→ Directions for this task
Transcribe exactly the entries from the "Dark Cold Grim - Northwind Wolves CD" line to the end, both included, minus pictures.

[Collected data]
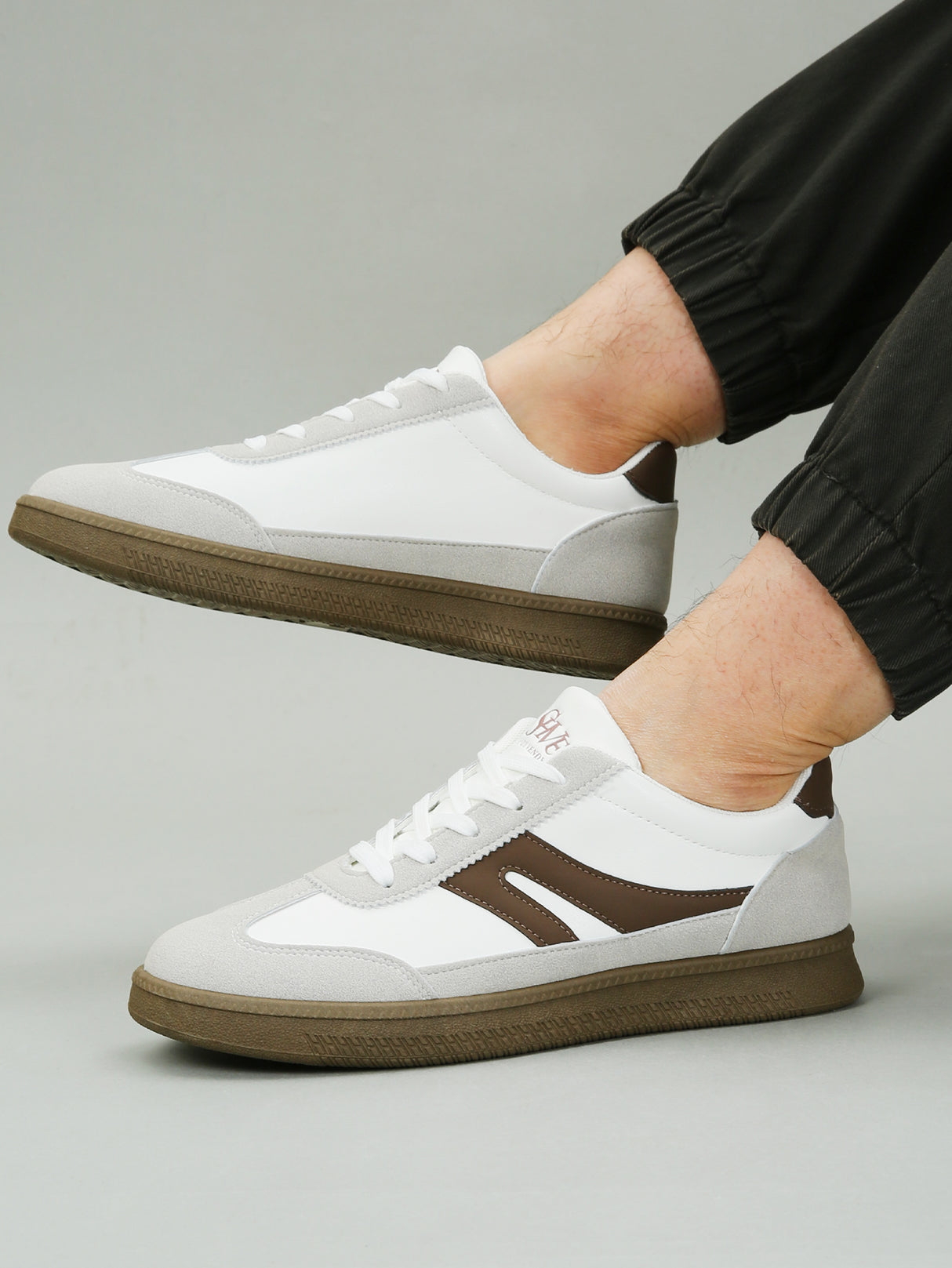 Tenis Para Hombre Court Casual Comodos De Moda Clasicos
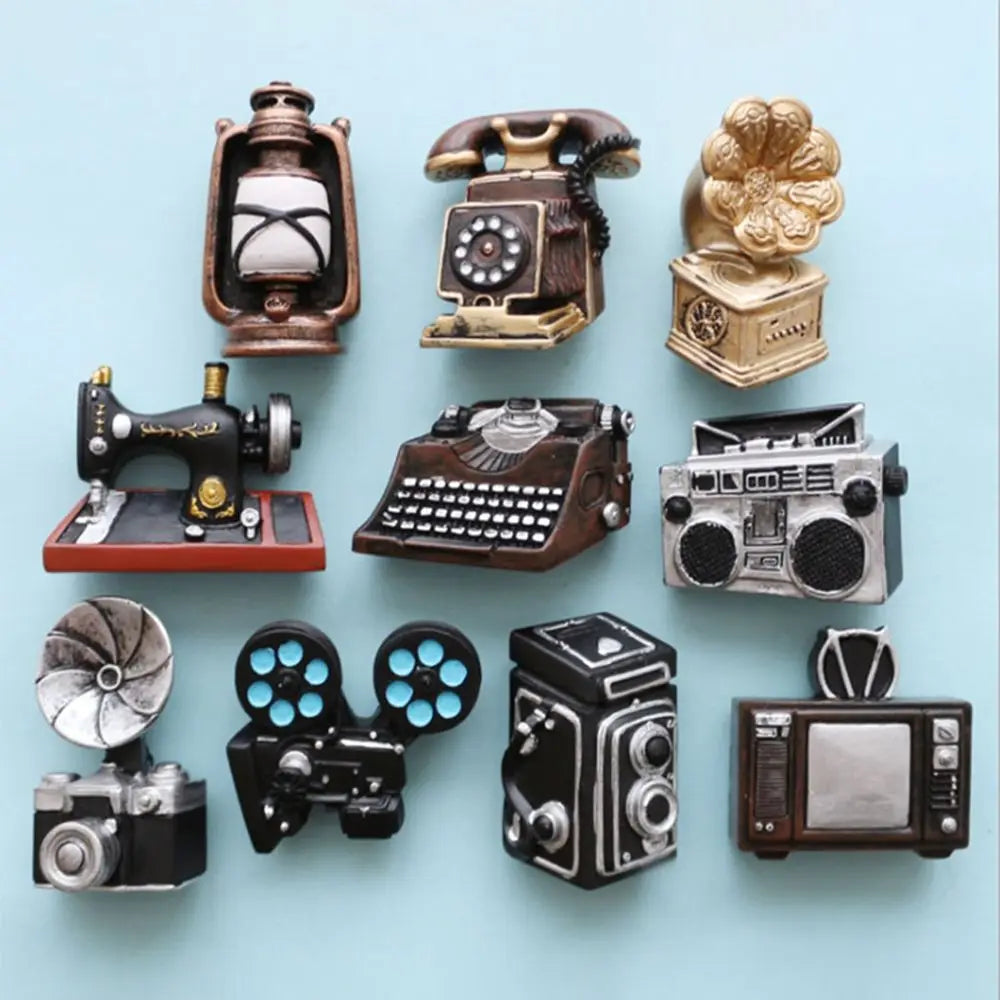 Mini Personality Creative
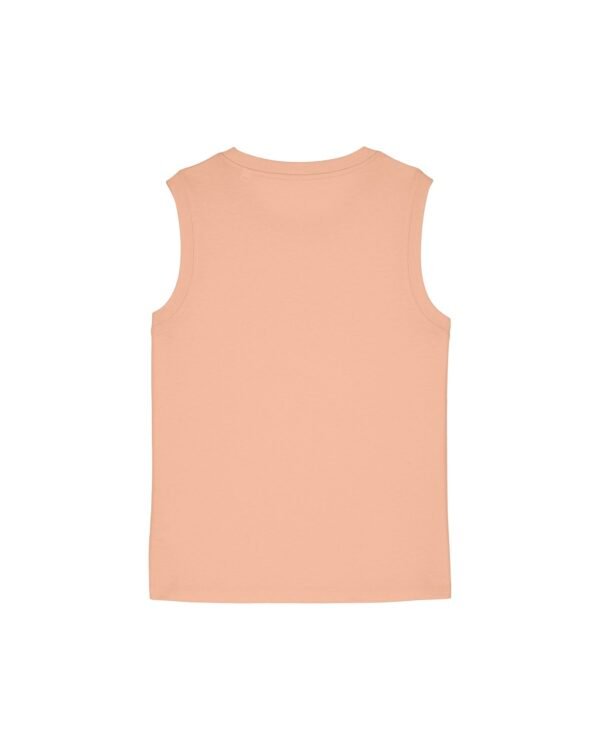 Stella Mia Tanktop Fraiche Peche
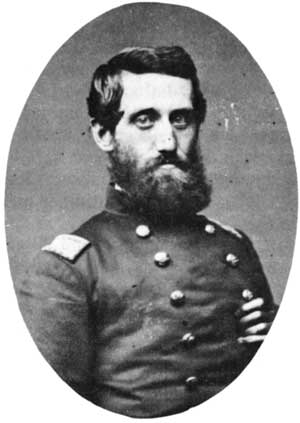 Gen. E.C. Mason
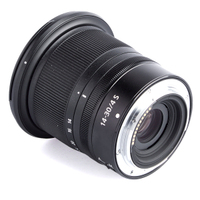 Nikon NIKKOR Z 14-30mm F4 S gebraucht
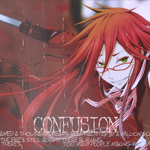 Grell Sutcliff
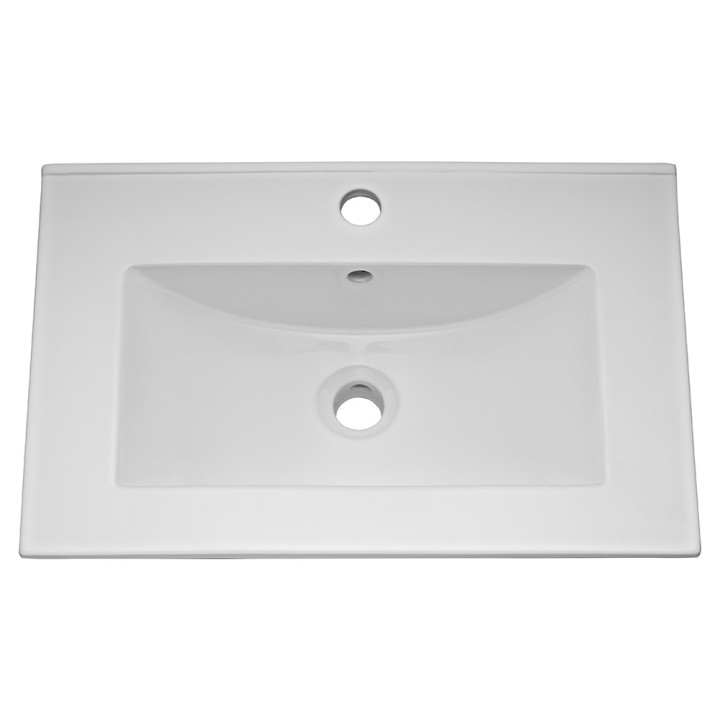 Eden 600mm Freestanding Vanity Units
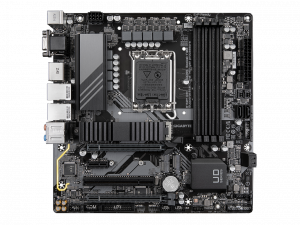 Gigabyte B760M D3H Mb |b760m D3h R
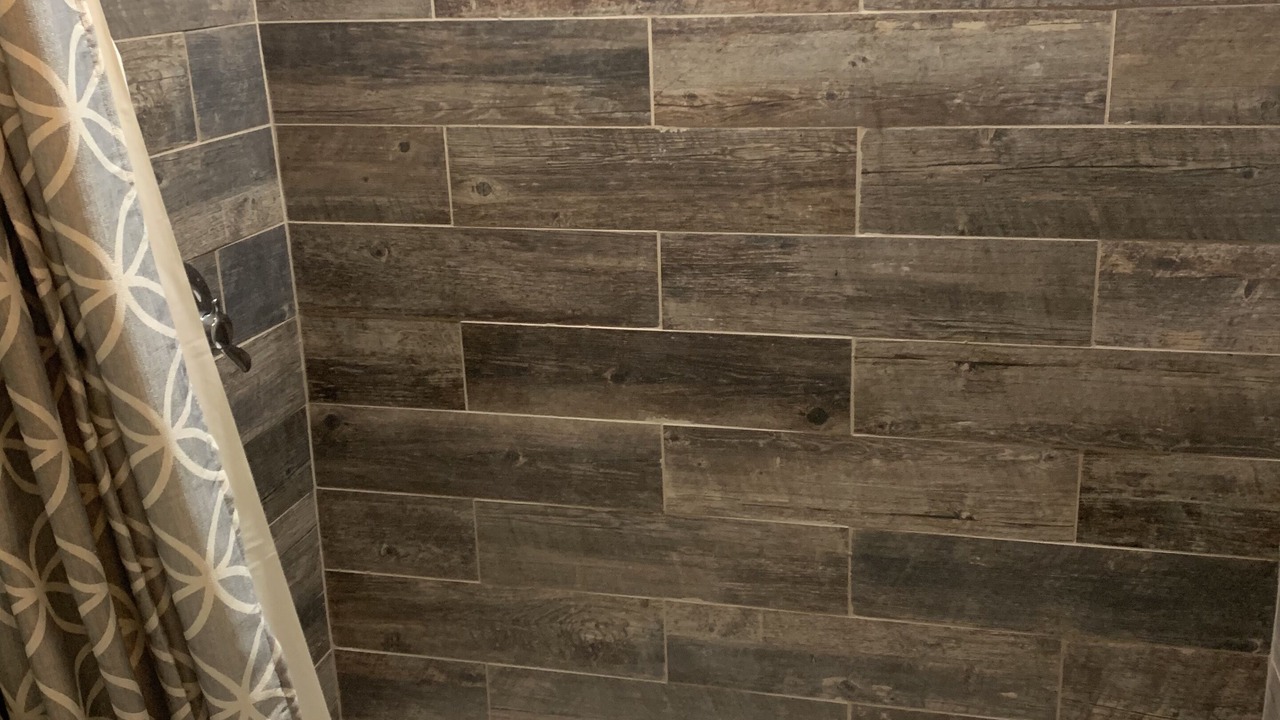 Photo of Bathroom in Garden
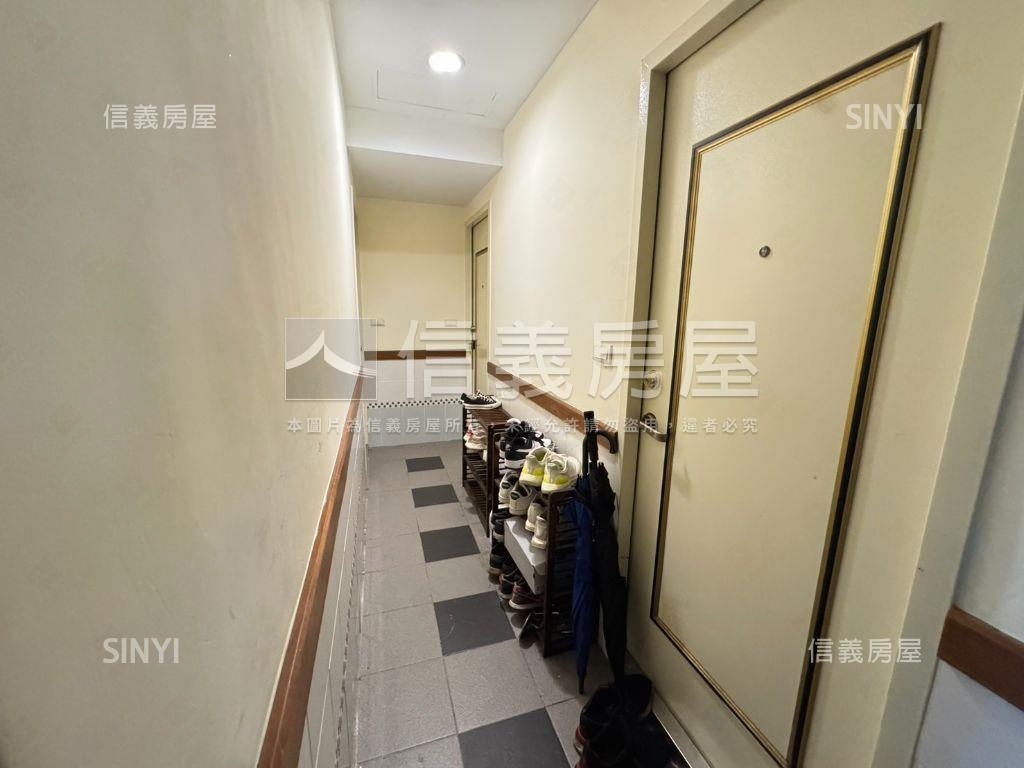 信義吳興商圈收租美寓房屋室內格局與周邊環境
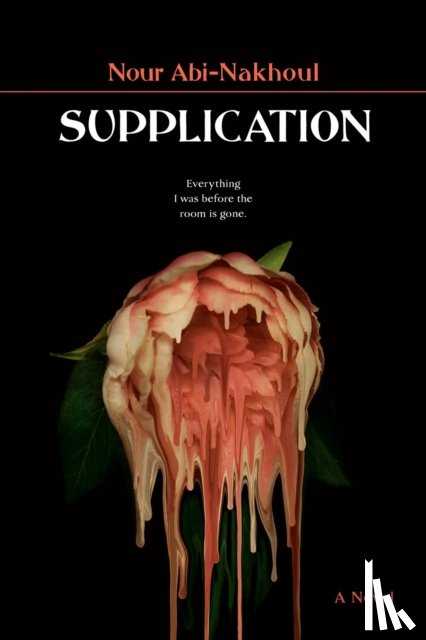 Abi-Nakhoul, Nour - Supplication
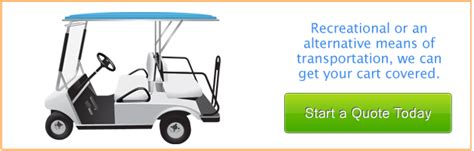 Find out if you need golf cart coverage, how much it costs and what discounts are available through your aarp® membership. Florida Golf Cart Insurance Quotes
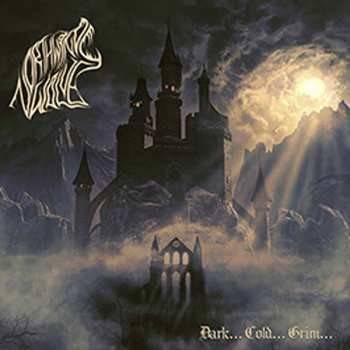 Dark Cold Grim - Northwind Wolves CD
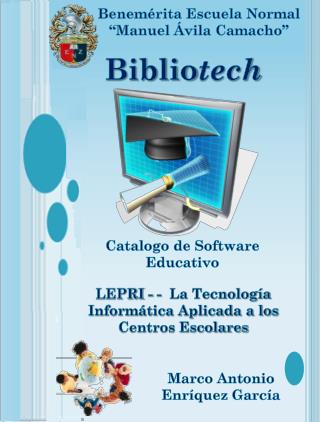 Biblio tech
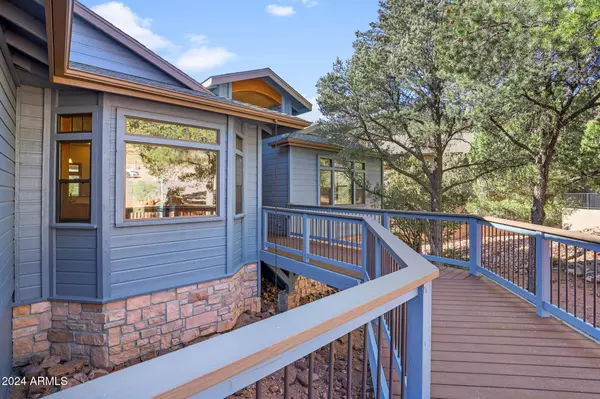 Payson, AZ 85541,818 N BLUE SPRUCE Circle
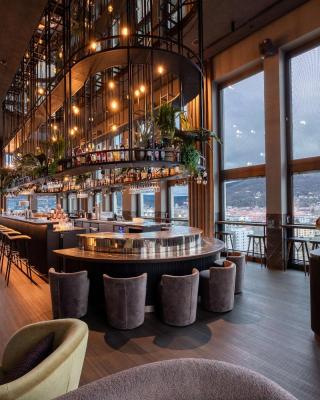 ATLANTIC Hotel Heidelberg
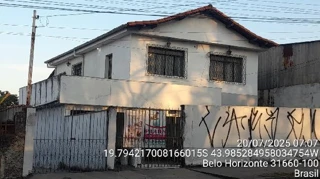 Imóvel 2434519 ['1444406330975'] - ['RUA JOSE FELIX MARTINS,N. 1149 QD 52 LT 15, MANTIQUEIRA - CEP: 31660-100, BELO HORIZONTE - MINAS GERAIS'] ['Mantiqueira'] - ['Belo Horizonte']/['MG'] - 1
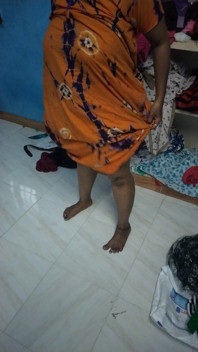 Hot Nighty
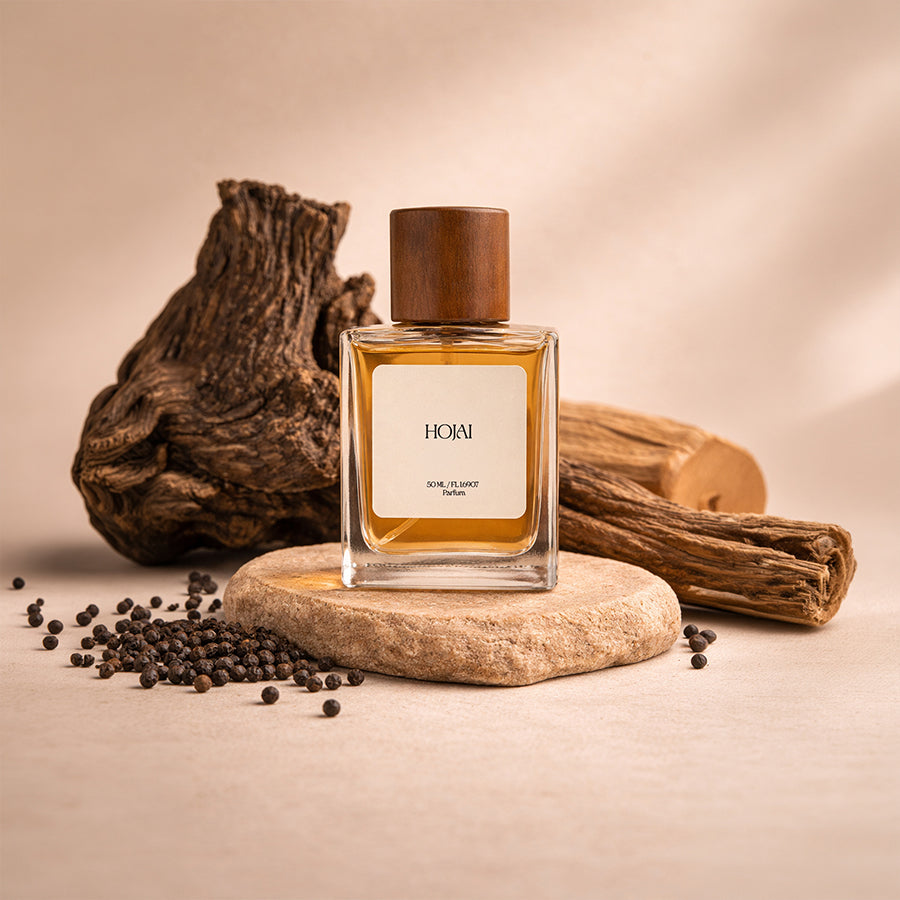 Hojai 50 ml EDP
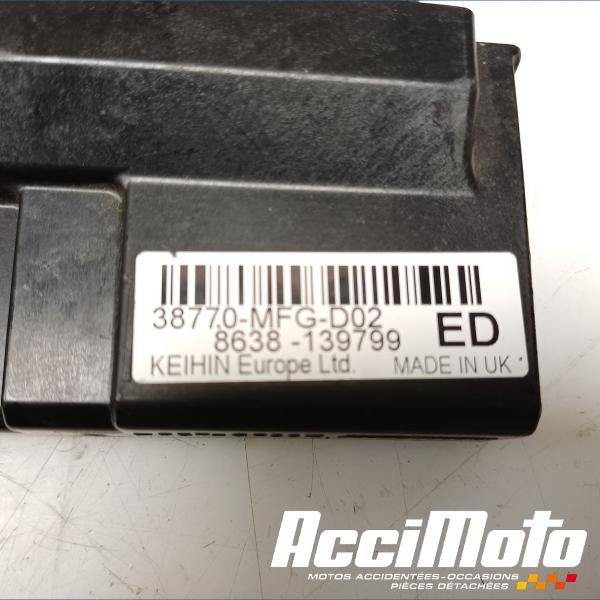 Pièce Moto Kit neiman+cdi HONDA HORNET CB600F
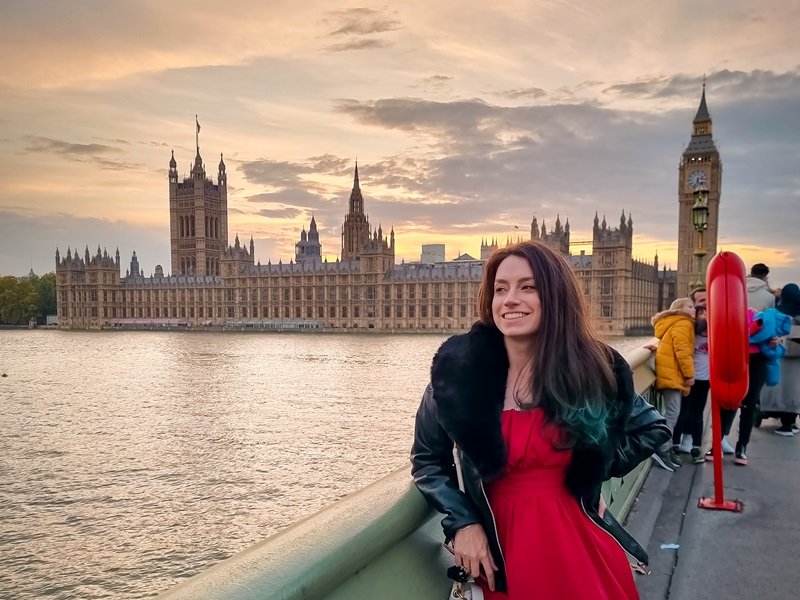 Melhor época para visitar Londres eventos mês a mês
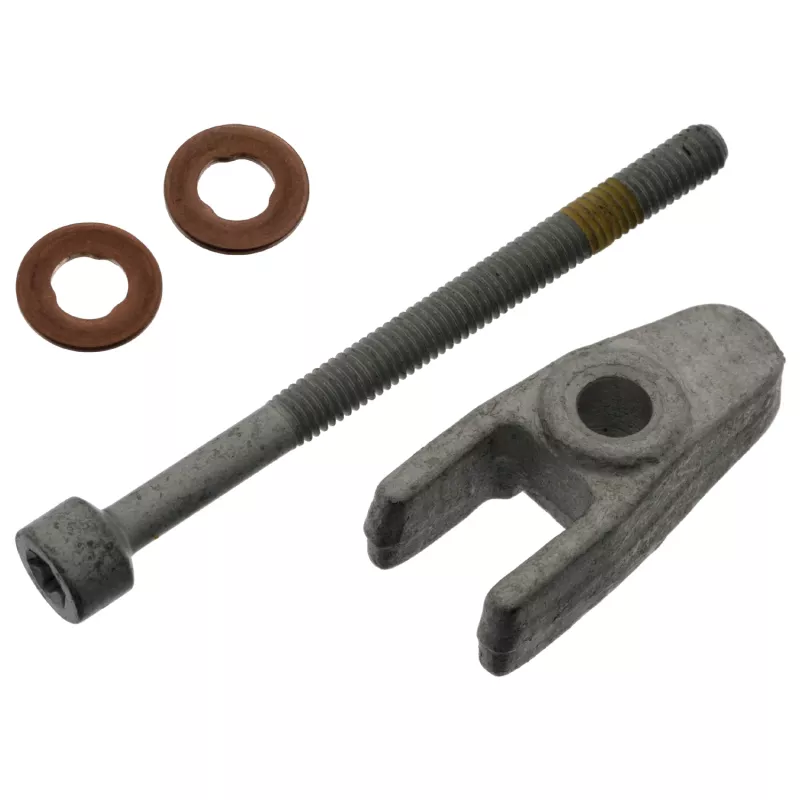 Support, injecteur FEBI BILSTEIN 29141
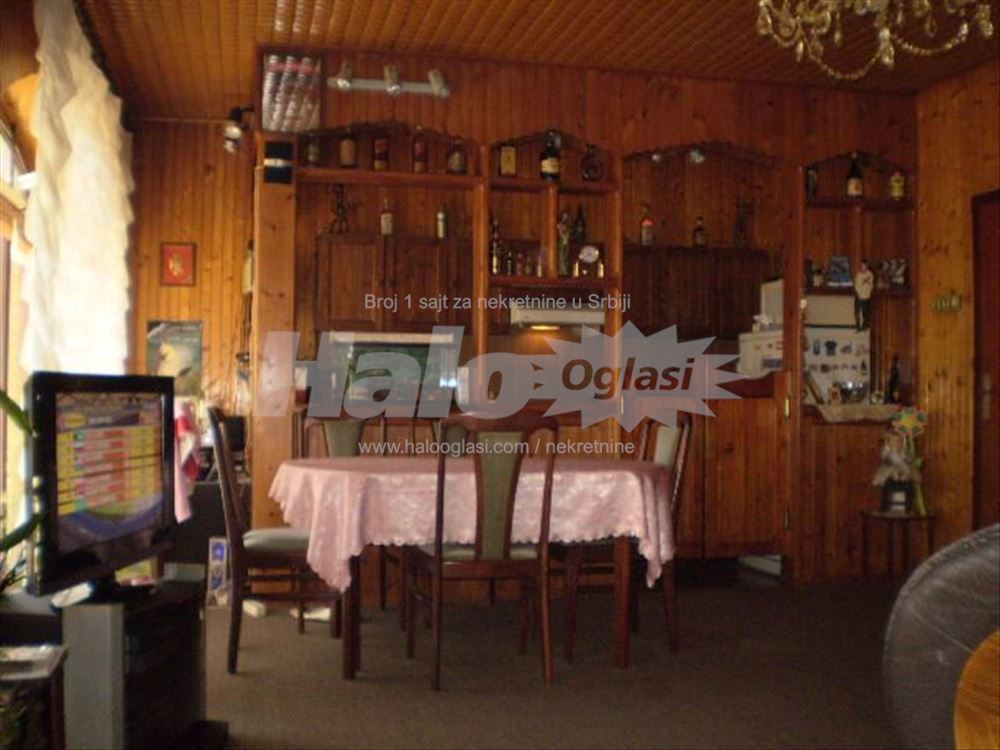 Na prodaju kuca u Zrenjaninu 3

→ Solution for this problem
 Dark Cold Grim - Northwind Wolves CD
 Biblio tech
 Payson, AZ 85541,818 N BLUE SPRUCE Circle
 ATLANTIC Hotel Heidelberg
 Imóvel 2434519 ['1444406330975'] - ['RUA JOSE FELIX MARTINS,N. 1149 QD 52 LT 15, MANTIQUEIRA - CEP: 31660-100, BELO HORIZONTE - MINAS GERAIS'] ['Mantiqueira'] - ['Belo Horizonte']/['MG'] - 1
 Hot Nighty
 Hojai 50 ml EDP
 Pièce Moto Kit neiman+cdi HONDA HORNET CB600F
 Melhor época para visitar Londres eventos mês a mês
 Support, injecteur FEBI BILSTEIN 29141
 Na prodaju kuca u Zrenjaninu 3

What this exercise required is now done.